Last week Baidu announced after two years of searching the appointment of Li Yinan as the new Chief Technology Officer for China’s leading search engine. Just when everything began to fall into place and we were getting ready for a season Googlesque innovation, rumours began to fly that William I. Chang, Baidu’s Chief Scientific Officer was planning to resign because he didn’t like his new job scope. Not sure though how much of a rumour it is when they have already named his successor.
To make CEO Robin Li’s life even more stressful, Baidu’s next big push will be into the e-commerce arena with the launch of youa.com may be thwarted by Alibaba Group’s announcement that it will invest another RMB5 billion into its own online Taobao.com to strengthen its 57% market share. Of course Alibaba claims that this had nothing to do with fending off Baidu and we of course believe them.
In its own corporate reshuffle, Alibaba has for the first time in its five year history appointed a COO. Zhang Yong, former CFO was promoted to fill the void left by Huang Ruo, the former VP and B2C business director who resigned at the end of September.
Also in the spirit of one-upmanship China Unicom is currently going through a beta testing phase in Liaoning Province of a new social network called u-powerbook.com. He Siyuan, the person in charge of the project says that the Facebook like SNS platform already has 200,000 subscribers and will compete with China Mobile’s existing 139 community.
China Mobile, who are obviously fresh out of home grown ideas, have decided to open an R&D facility in Silicon Valley by 2009. In the mean time, they are busy trying to make sure that China Unicom’s more device friendly W-CDMA 3G standard are given a run for their money by planning to offer services like video blogs, online gaming and instant video messages on their TD-SCDMA handsets.

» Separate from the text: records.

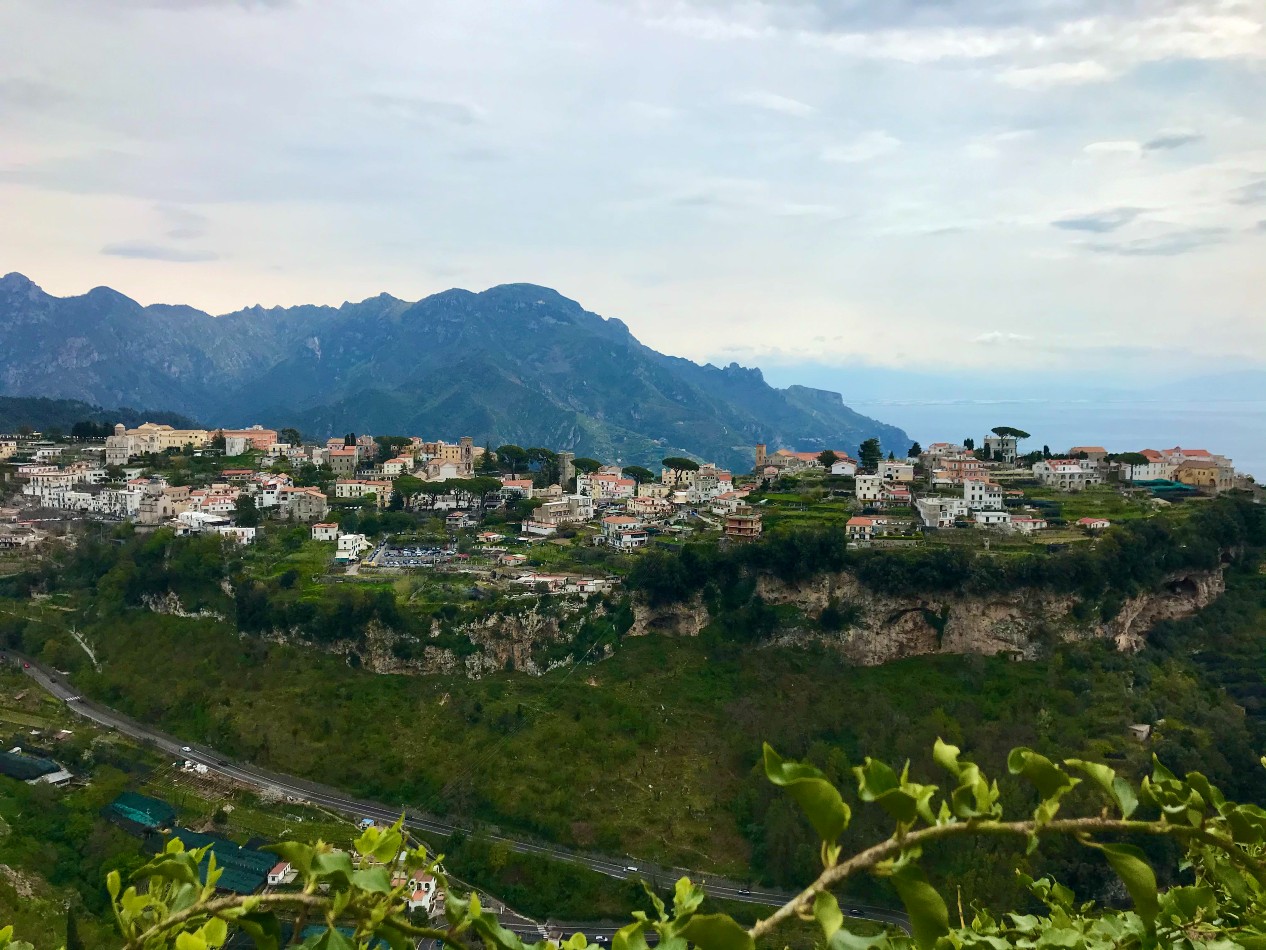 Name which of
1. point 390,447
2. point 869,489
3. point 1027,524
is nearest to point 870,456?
point 869,489

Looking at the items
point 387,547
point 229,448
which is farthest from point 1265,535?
point 229,448

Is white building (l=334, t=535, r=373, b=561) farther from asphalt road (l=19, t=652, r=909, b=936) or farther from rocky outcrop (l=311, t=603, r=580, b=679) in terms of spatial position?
asphalt road (l=19, t=652, r=909, b=936)

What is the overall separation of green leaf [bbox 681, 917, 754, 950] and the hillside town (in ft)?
76.2

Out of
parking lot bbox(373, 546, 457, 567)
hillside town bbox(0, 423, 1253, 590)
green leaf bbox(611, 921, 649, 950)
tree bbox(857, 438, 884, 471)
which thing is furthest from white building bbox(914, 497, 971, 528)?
green leaf bbox(611, 921, 649, 950)

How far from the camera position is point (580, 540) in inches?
1193

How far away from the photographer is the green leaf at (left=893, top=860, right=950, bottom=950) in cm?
156

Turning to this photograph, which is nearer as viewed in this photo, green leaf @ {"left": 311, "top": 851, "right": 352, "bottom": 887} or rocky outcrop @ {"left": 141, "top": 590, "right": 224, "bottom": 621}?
green leaf @ {"left": 311, "top": 851, "right": 352, "bottom": 887}

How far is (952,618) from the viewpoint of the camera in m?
23.1

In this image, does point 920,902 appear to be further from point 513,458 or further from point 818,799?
point 513,458

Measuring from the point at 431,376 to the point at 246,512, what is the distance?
8774 centimetres

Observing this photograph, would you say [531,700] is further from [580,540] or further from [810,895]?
[810,895]

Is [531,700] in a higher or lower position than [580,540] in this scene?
lower

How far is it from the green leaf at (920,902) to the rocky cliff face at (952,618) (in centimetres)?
2289

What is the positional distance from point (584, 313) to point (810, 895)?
164 m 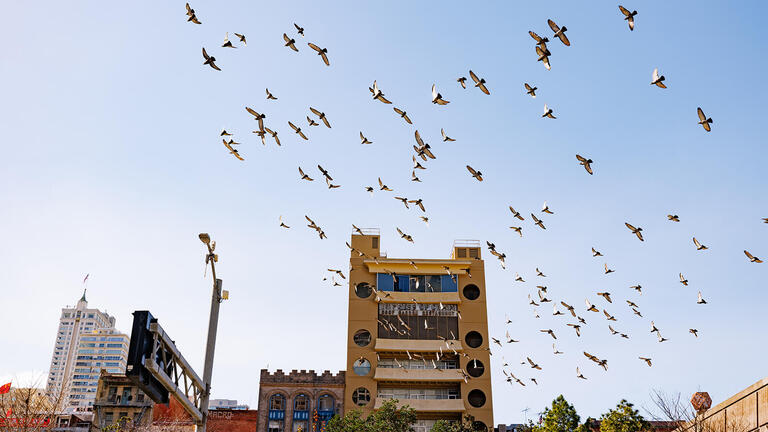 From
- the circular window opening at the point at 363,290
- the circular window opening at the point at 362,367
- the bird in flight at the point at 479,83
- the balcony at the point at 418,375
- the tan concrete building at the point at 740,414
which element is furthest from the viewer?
the circular window opening at the point at 363,290

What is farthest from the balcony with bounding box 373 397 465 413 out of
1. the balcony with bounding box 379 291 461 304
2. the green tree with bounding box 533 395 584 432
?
the green tree with bounding box 533 395 584 432

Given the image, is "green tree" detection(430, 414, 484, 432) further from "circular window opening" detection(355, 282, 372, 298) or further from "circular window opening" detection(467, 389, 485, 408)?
"circular window opening" detection(355, 282, 372, 298)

Also last week IBM announced a new cultural heritage project “The Forbidden City: Beyond Space and Time” that will create a virtual tour of the famed Forbidden City in Beijing. Not only will the project create a virtual space (Just like Duke Nukem’ without all the critters) of the historical site, it will also incorporate “a window into the virtual world through which on-site visitors can learn more about their physical location.” Kaiser Kuo of Ogilvy Digital gives his impressions of the new virtual attraction here.
Nielson Online and the Operators of ChinaRank have entered into a JV called CR-Nielsen to provide internet measurement and analytics to China. We’re sure that this service will be of great use to the 250 million internet users in China but really folks, could nobody find a better name?
Finally Techblog86.com reports that the Ministry of Information & IT (MIIT) is cracking down on SMS spam. Hurrah!